### Task description
What you return must be the full data, repeated verbatim, with no pictures in it.
/---
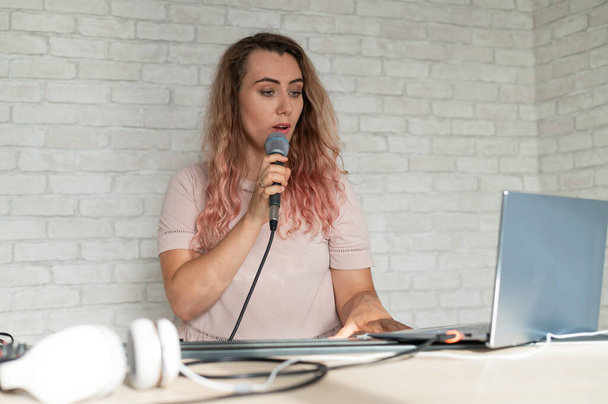 A woman records a vocal lesson using a laptop and accompanying on a keyboard while at home. The teacher sings a song into the microphone and plays the electronic piano. A blogger is recording a video. - Fotó, kép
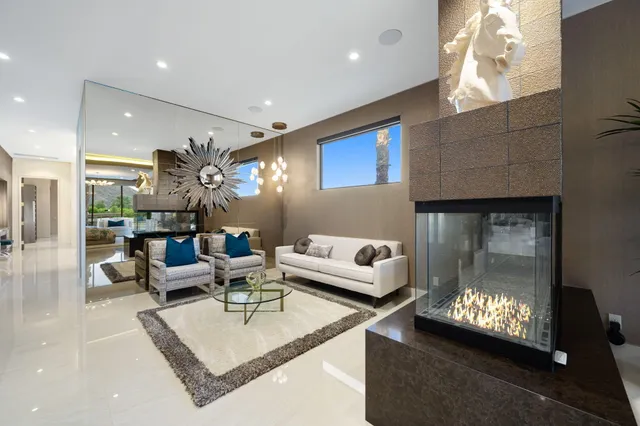 a bathroom with a sink a vanity and a shower
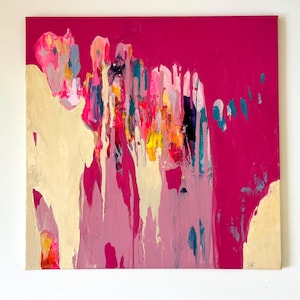 May include: Abstract painting on canvas with a vibrant fuchsia background. The artwork features layered brushstrokes in shades of pink, yellow, teal, and cream, creating a dynamic and colorful composition. The painting is mounted on a square canvas.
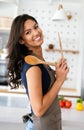 Young beautiful woman cooking healthy food in the kitchen. Healthy lifestyle, food, diet concept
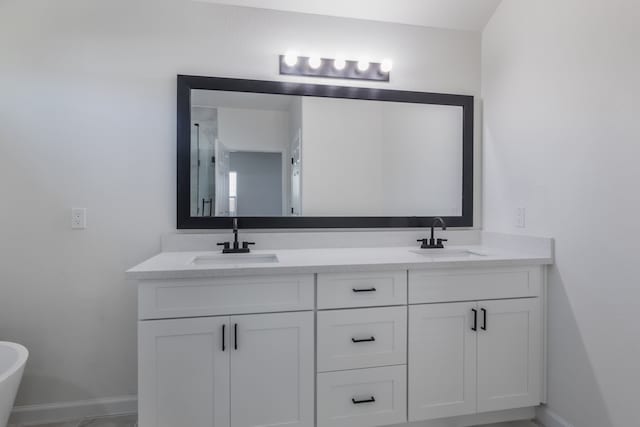 bathroom featuring vanity and a shower with door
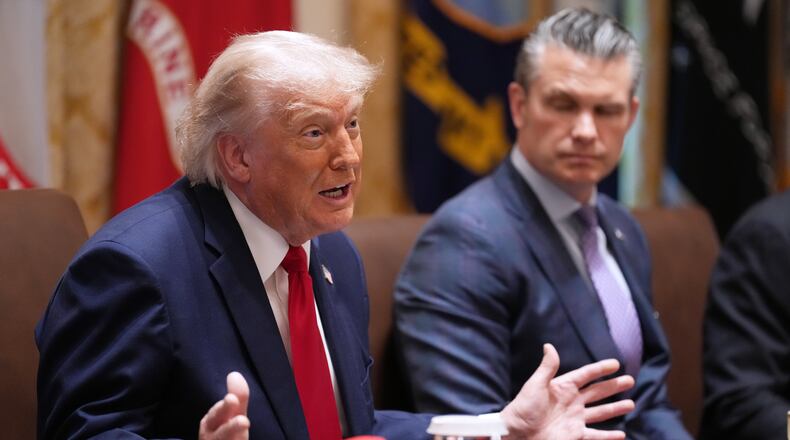 President Donald Trump speaks during a Cabinet meeting at the White House, Wednesday, May 27, 2026, in Washington, as Secretary of Defense Pete Hegseth, looks on. (AP Photo/Jacquelyn Martin)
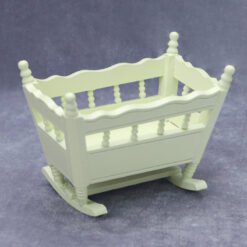 Miniature nursery furniture set including crib, cradle, high chair, and more.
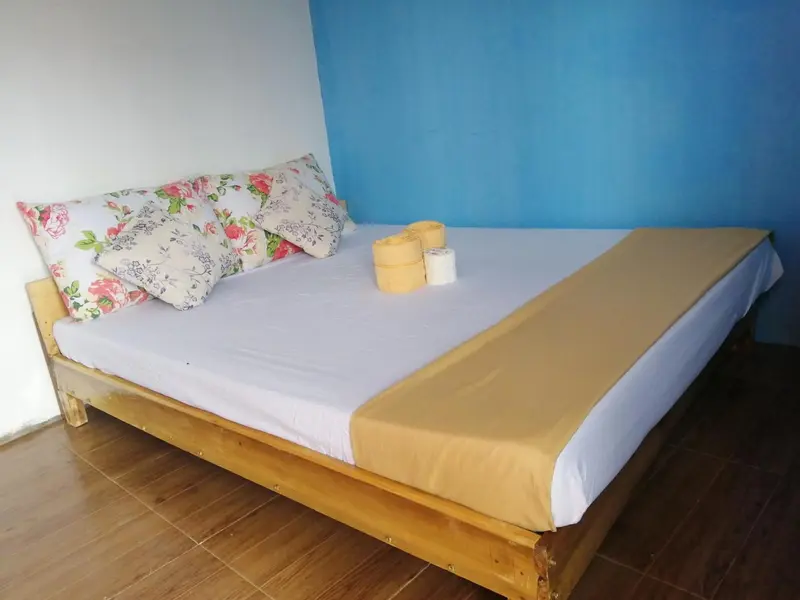 Un lit recouvert d'une courtepointe fleurie et d'un drap jaune dans une pièce lumineuse.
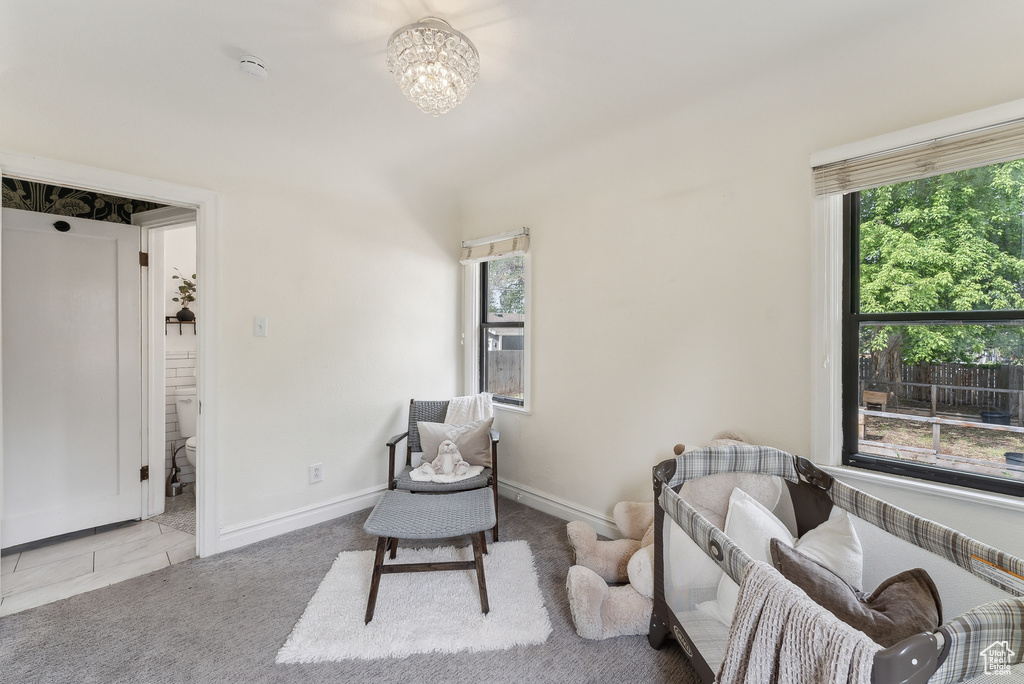Living area with baseboards, a wealth of natural light, a notable chandelier, and carpet floors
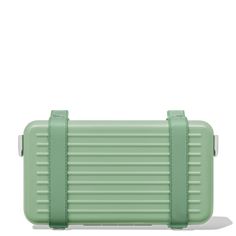 Made in Germany and crafted in ultra-lightweight, dent-resistant grooved polycarbonate, the RIMOWA Personal Cross-Body Bag in Bamboo green is a unisex hard-shell crossbody bag meant to house and transport your daily personal essentials. It can be worn with the detachable, adjustable leather body strap or carried like a clutch. Each detail of the RIMOWA Personal Polycarbonate Cross-Body Bag is carefully considered, from its color-matched straps and leather lining down to its metal rivets, rings, Functional Green Nylon Luggage, Modern Green Luggage With Sleeve, Rimowa Hand Carry Luggage, Rimowa Luggage Green, Luxury Green Nylon Bag, White Bag, Crossbody Bag, Shop Now, Leather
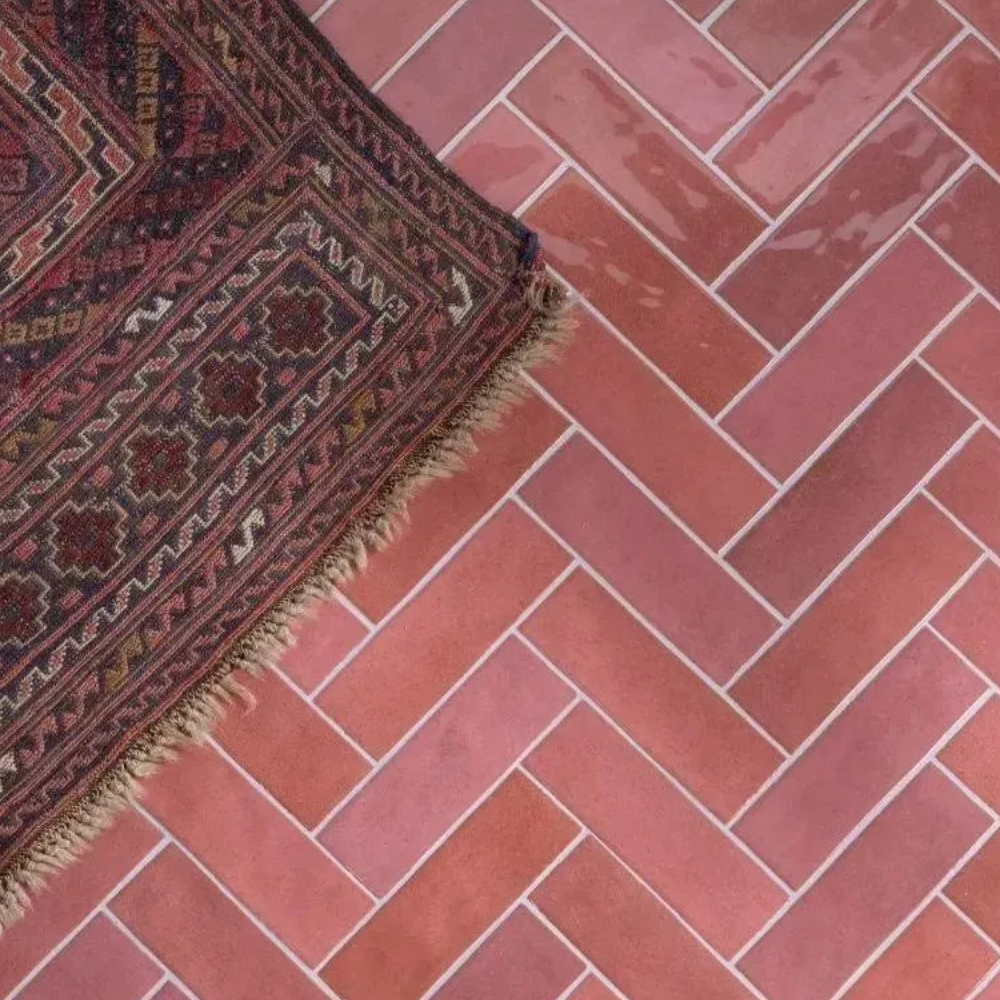 Little Italy Burgundy with a rug on it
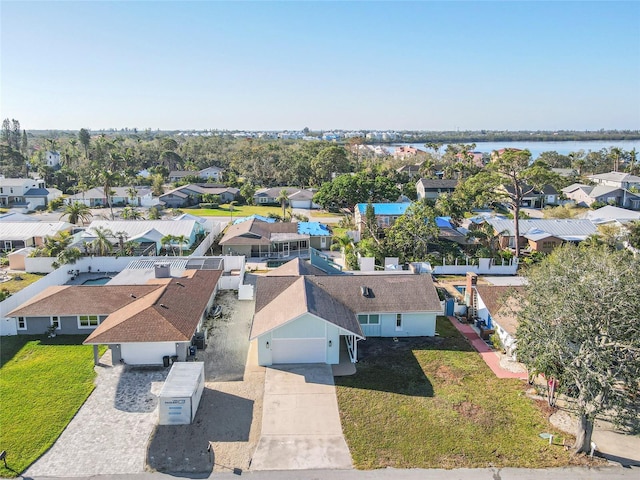 bird's eye view with a residential view and a water view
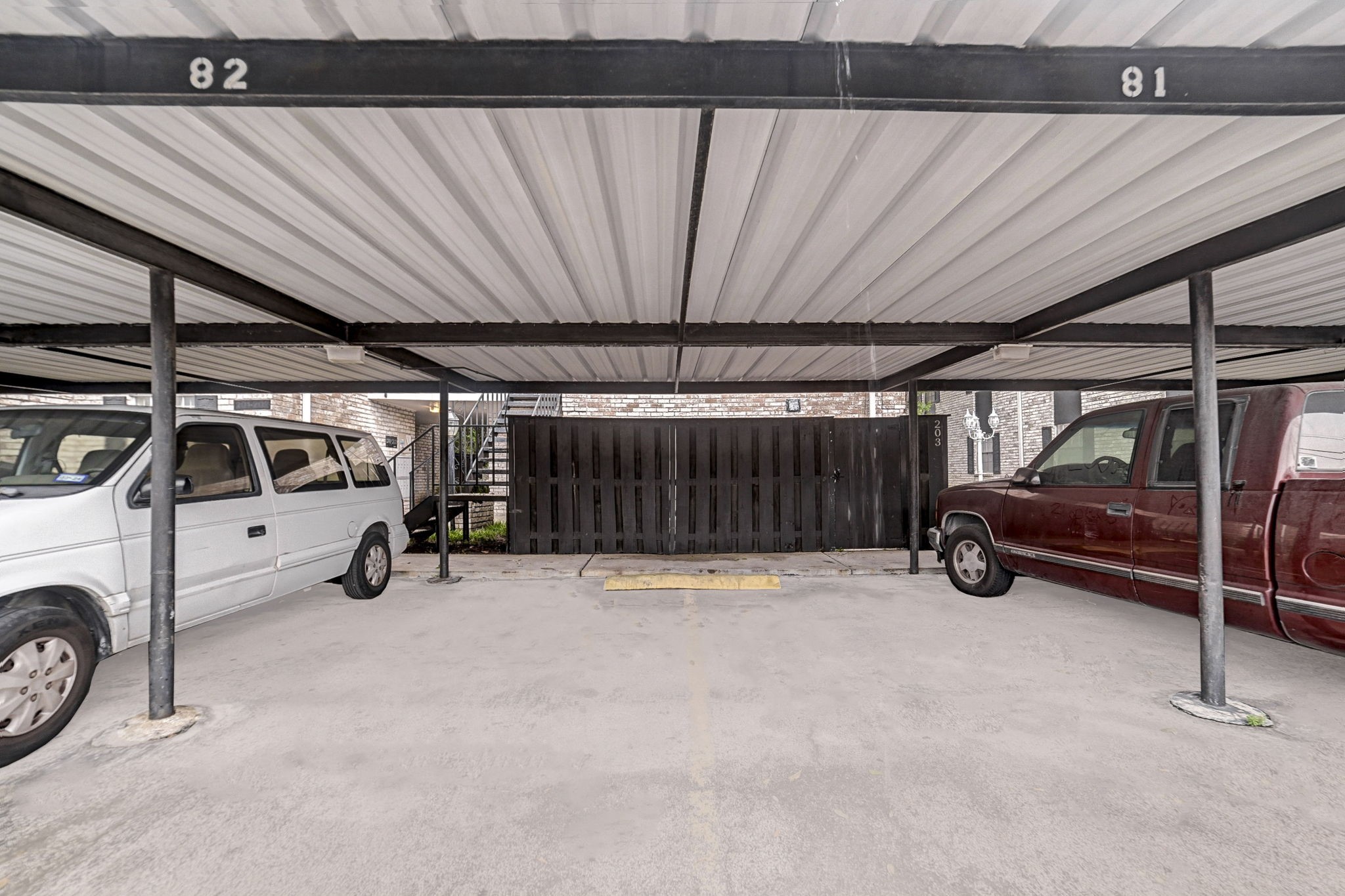 Covered parking area with designated spaces provides convenient and sheltered vehicle storage.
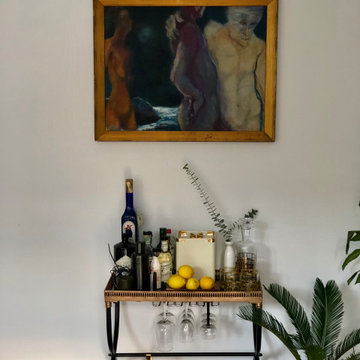A dramatic painting by a local artist plays backdrop for the home bar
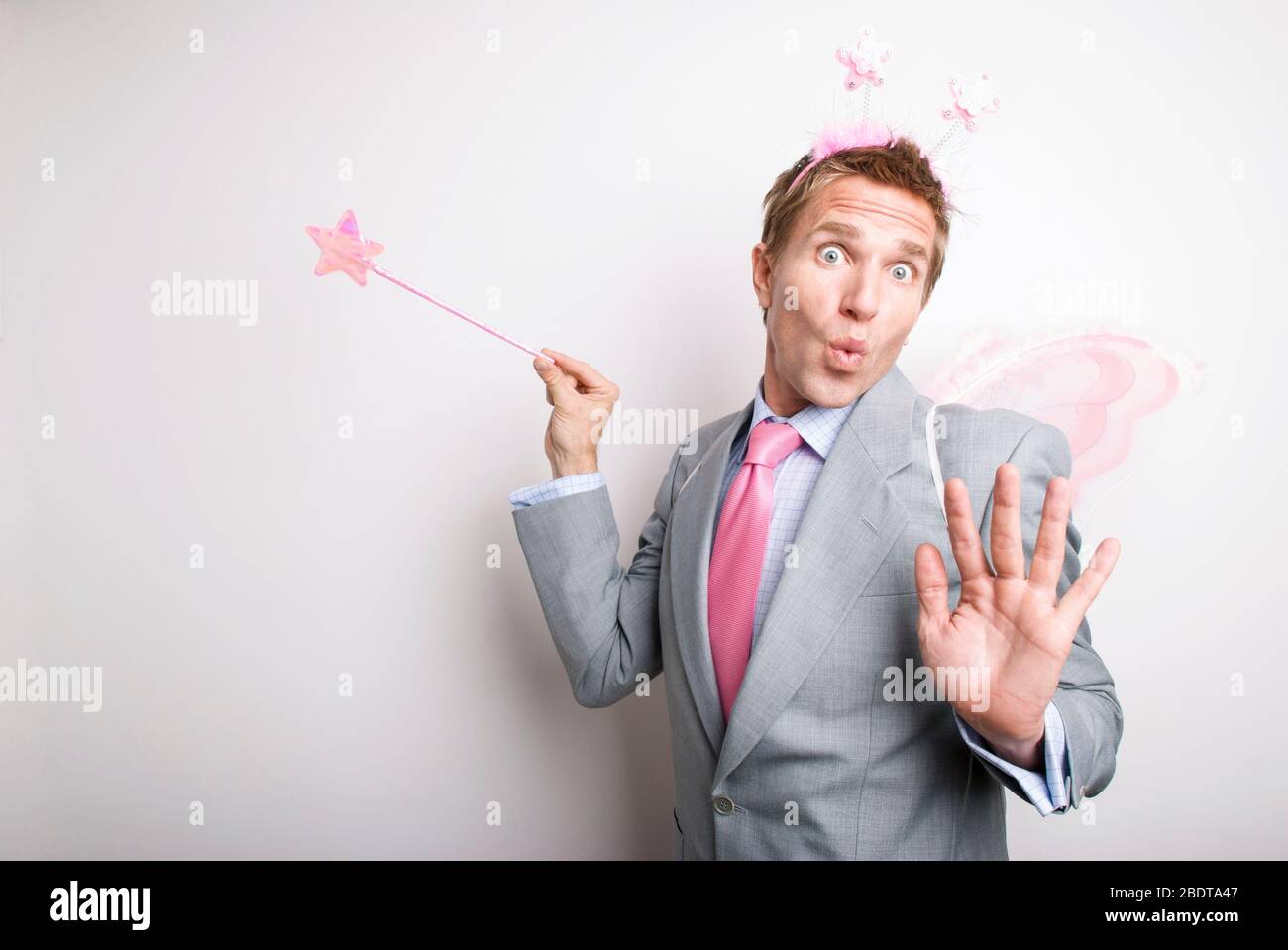 Fee Geschäftsmann winkt ein rosa glitzernden Stern Zauberstab Gewährung eines Wunsches mit einem lustigen Ausdruck auf seinem Gesicht Stockfoto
\---
### Written answer
 A woman records a vocal lesson using a laptop and accompanying on a keyboard while at home. The teacher sings a song into the microphone and plays the electronic piano. A blogger is recording a video. - Fotó, kép
 a bathroom with a sink a vanity and a shower
 May include: Abstract painting on canvas with a vibrant fuchsia background. The artwork features layered brushstrokes in shades of pink, yellow, teal, and cream, creating a dynamic and colorful composition. The painting is mounted on a square canvas.
 Young beautiful woman cooking healthy food in the kitchen. Healthy lifestyle, food, diet concept
 bathroom featuring vanity and a shower with door
 President Donald Trump speaks during a Cabinet meeting at the White House, Wednesday, May 27, 2026, in Washington, as Secretary of Defense Pete Hegseth, looks on. (AP Photo/Jacquelyn Martin)
 Miniature nursery furniture set including crib, cradle, high chair, and more.
 Un lit recouvert d'une courtepointe fleurie et d'un drap jaune dans une pièce lumineuse.
Living area with baseboards, a wealth of natural light, a notable chandelier, and carpet floors
 Made in Germany and crafted in ultra-lightweight, dent-resistant grooved polycarbonate, the RIMOWA Personal Cross-Body Bag in Bamboo green is a unisex hard-shell crossbody bag meant to house and transport your daily personal essentials. It can be worn with the detachable, adjustable leather body strap or carried like a clutch. Each detail of the RIMOWA Personal Polycarbonate Cross-Body Bag is carefully considered, from its color-matched straps and leather lining down to its metal rivets, rings, Functional Green Nylon Luggage, Modern Green Luggage With Sleeve, Rimowa Hand Carry Luggage, Rimowa Luggage Green, Luxury Green Nylon Bag, White Bag, Crossbody Bag, Shop Now, Leather
 Little Italy Burgundy with a rug on it
 bird's eye view with a residential view and a water view
 Covered parking area with designated spaces provides convenient and sheltered vehicle storage.
A dramatic painting by a local artist plays backdrop for the home bar
 Fee Geschäftsmann winkt ein rosa glitzernden Stern Zauberstab Gewährung eines Wunsches mit einem lustigen Ausdruck auf seinem Gesicht Stockfoto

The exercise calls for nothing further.